## PROBLEM REQUIREMENTS
No pictures go into the copy. Write out exactly the lines below from the one containing "Credenza Verde Oliva" through the one containing "Diamond Painting Full".
----- RECORDED INFORMATION
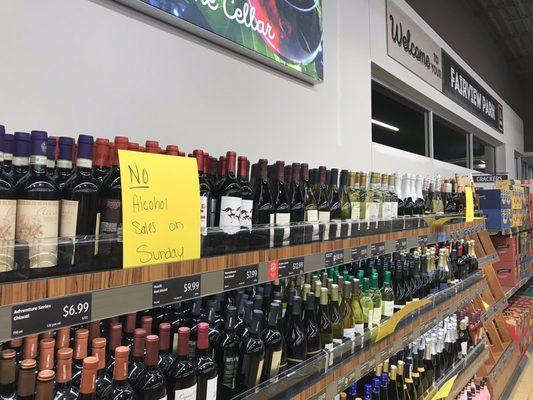 12.30.2018 -- No alcohol sales on Sundays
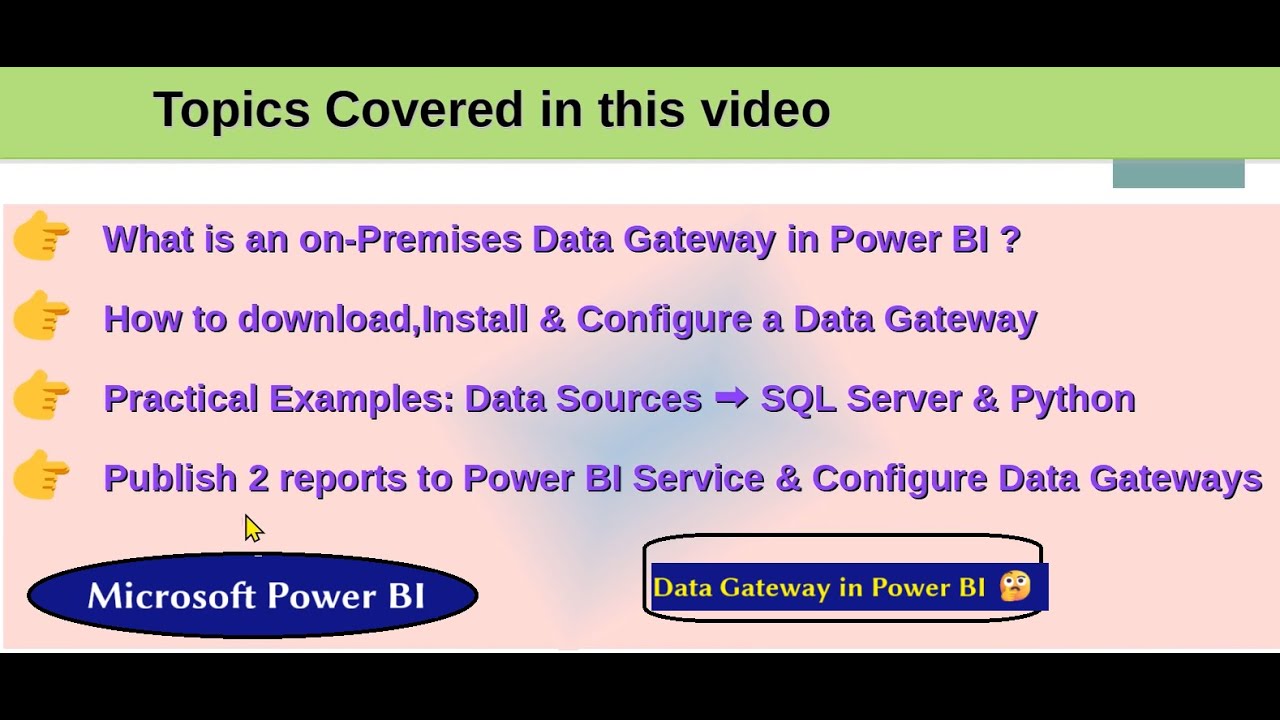 Power BI  👉  On-Premises Data Gateways 🤔 Install & Configure ➡️ Refresh the Data ( MSSQL , Python )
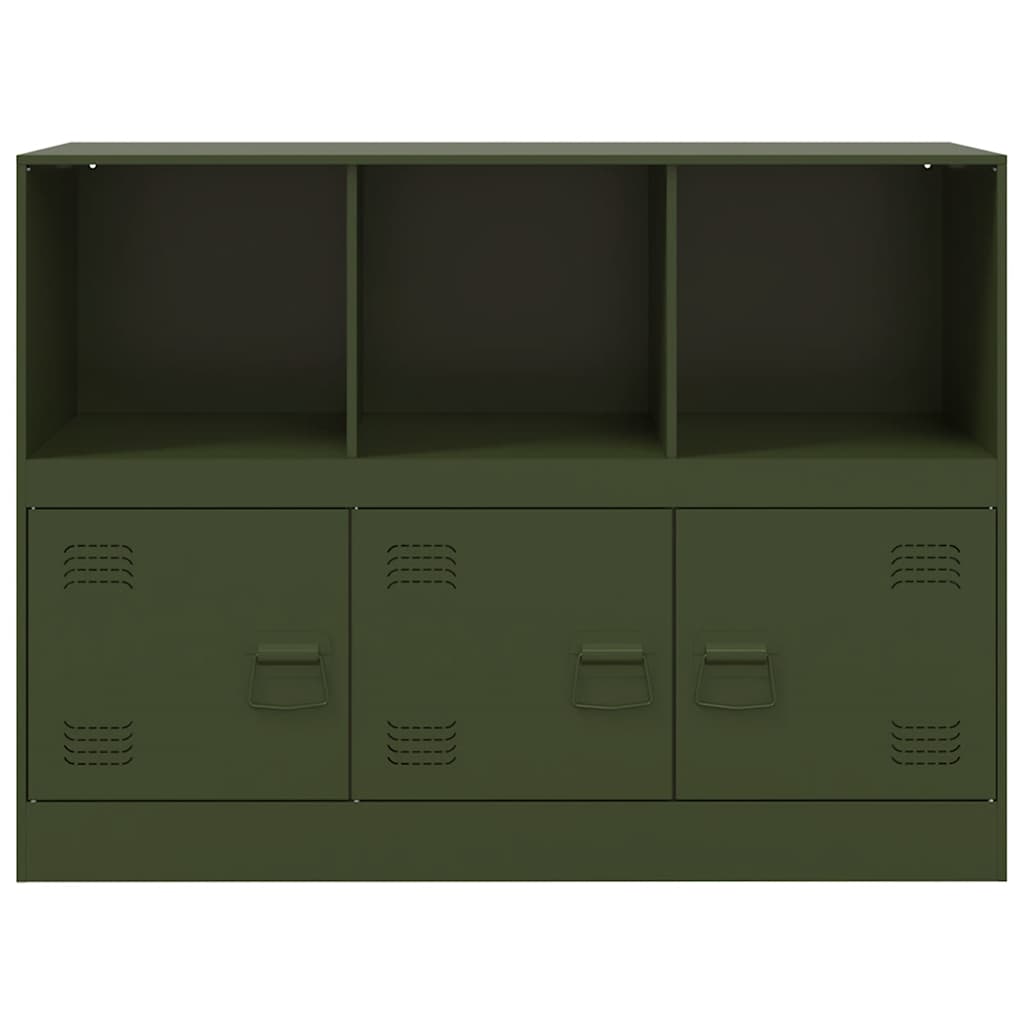 Credenza Verde Oliva 99x39x73 cm in Acciaio - homemem39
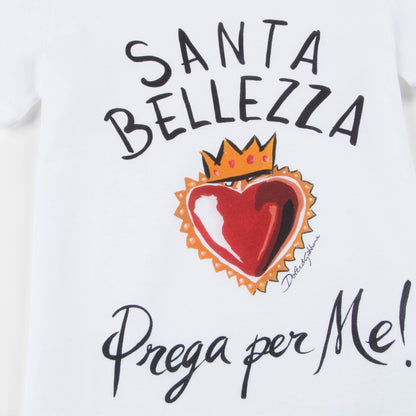 Girls White "Santa Bellezza" Cotton T-shirt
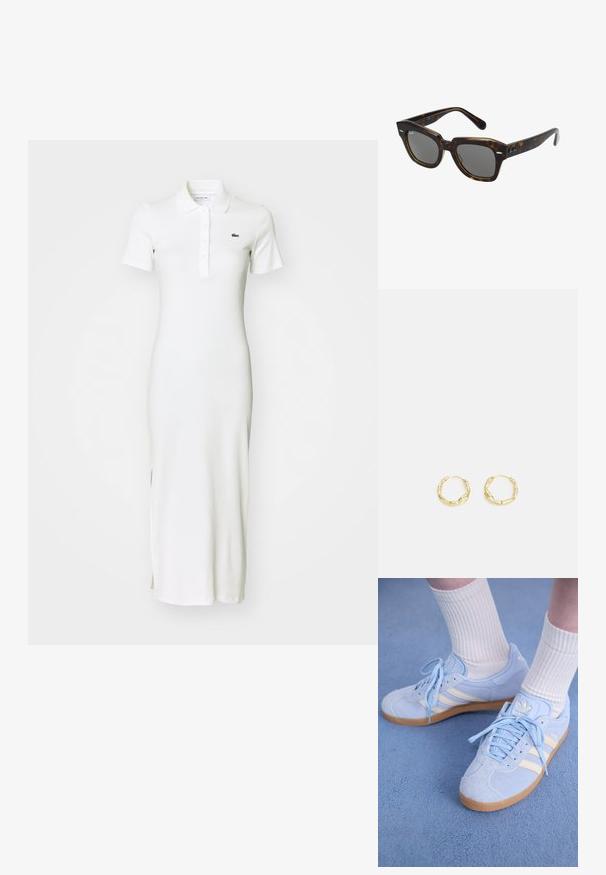 Bela rebrasta maksi obleka s kratkimi rokavi, ovratnikom, zapenjanjem na gumbke in diskretnimi stranskimi razporki. Na prsih ima majhno zeleno logo.; Svjetloplave suede tenisice s bijelim trakama, ravnim vezicama i gumenenim potplatom. Iznad gležnja su nošene rebraste bijele čarape.; Prizmašne sončne očala s torbastim plastičnim okvirjem, temnimi lečami in srebrnimi detajli na straneh. Narejeno v Italiji.; Zlate obročeve uhane z teksturirano, nepravilno površino. Imajo lahko konstrukcijo in okroglo obliko, primerne za vsakodnevno nošenje.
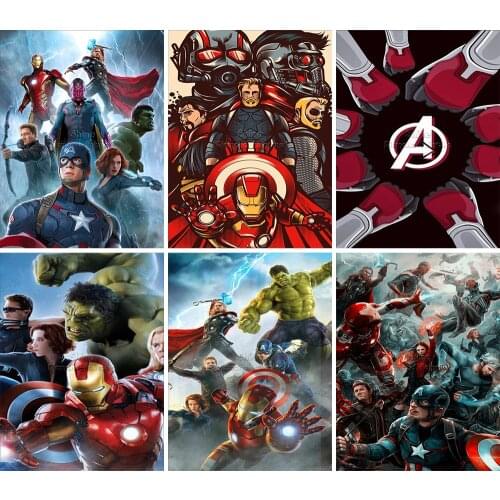Diamond Painting Full Square Round Cartoon Marvel Avengers 5D DIY Iron Man Spiderman Embroidery Cross Stitch Mosaic Home Decor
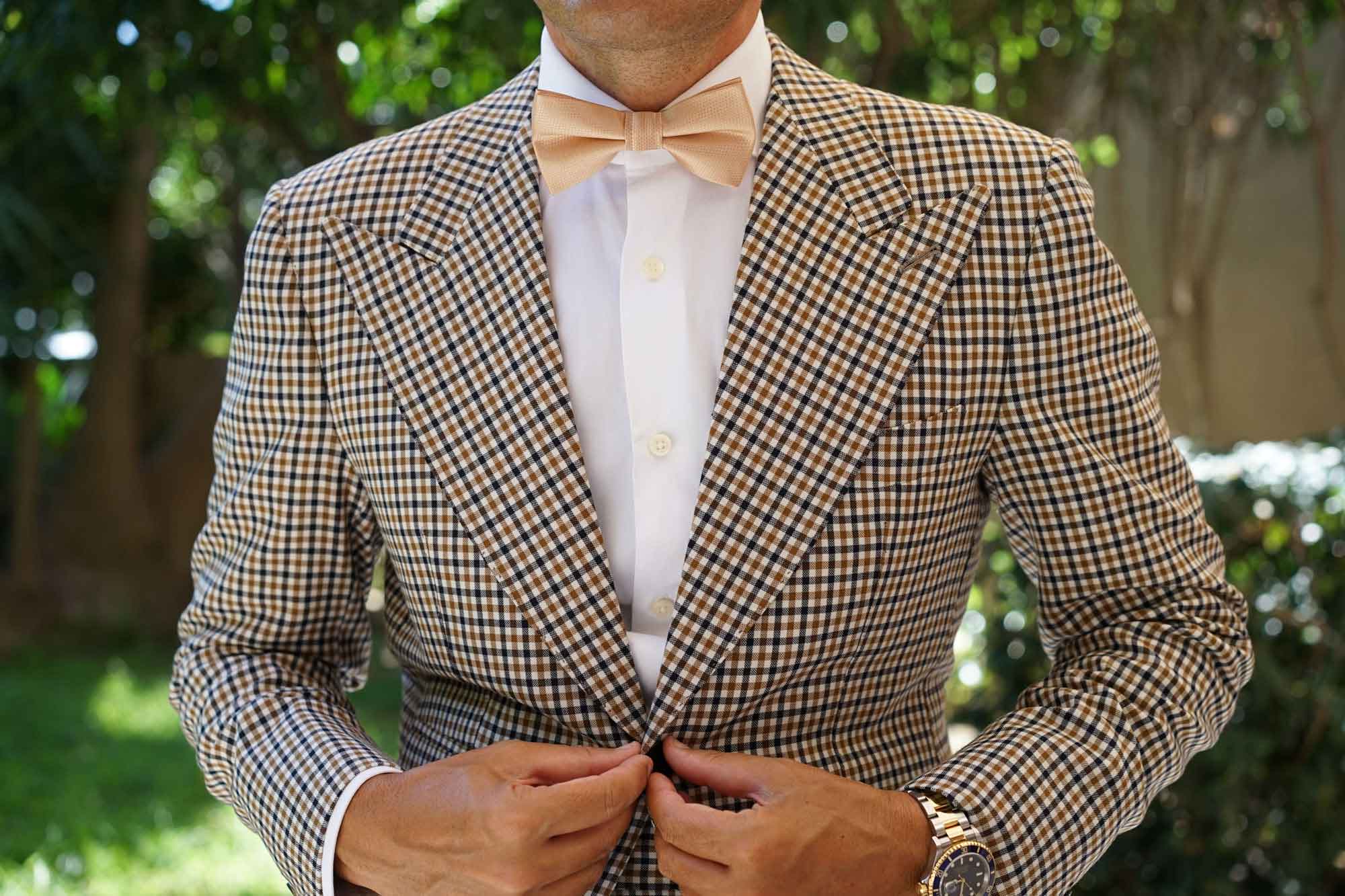 Champagne Gold Basket Weave Bow Tie - Image 3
----------
## EXERCISE OUTPUT
 Credenza Verde Oliva 99x39x73 cm in Acciaio - homemem39
 Girls White "Santa Bellezza" Cotton T-shirt
 Bela rebrasta maksi obleka s kratkimi rokavi, ovratnikom, zapenjanjem na gumbke in diskretnimi stranskimi razporki. Na prsih ima majhno zeleno logo.; Svjetloplave suede tenisice s bijelim trakama, ravnim vezicama i gumenenim potplatom. Iznad gležnja su nošene rebraste bijele čarape.; Prizmašne sončne očala s torbastim plastičnim okvirjem, temnimi lečami in srebrnimi detajli na straneh. Narejeno v Italiji.; Zlate obročeve uhane z teksturirano, nepravilno površino. Imajo lahko konstrukcijo in okroglo obliko, primerne za vsakodnevno nošenje.
Diamond Painting Full Square Round Cartoon Marvel Avengers 5D DIY Iron Man Spiderman Embroidery Cross Stitch Mosaic Home Decor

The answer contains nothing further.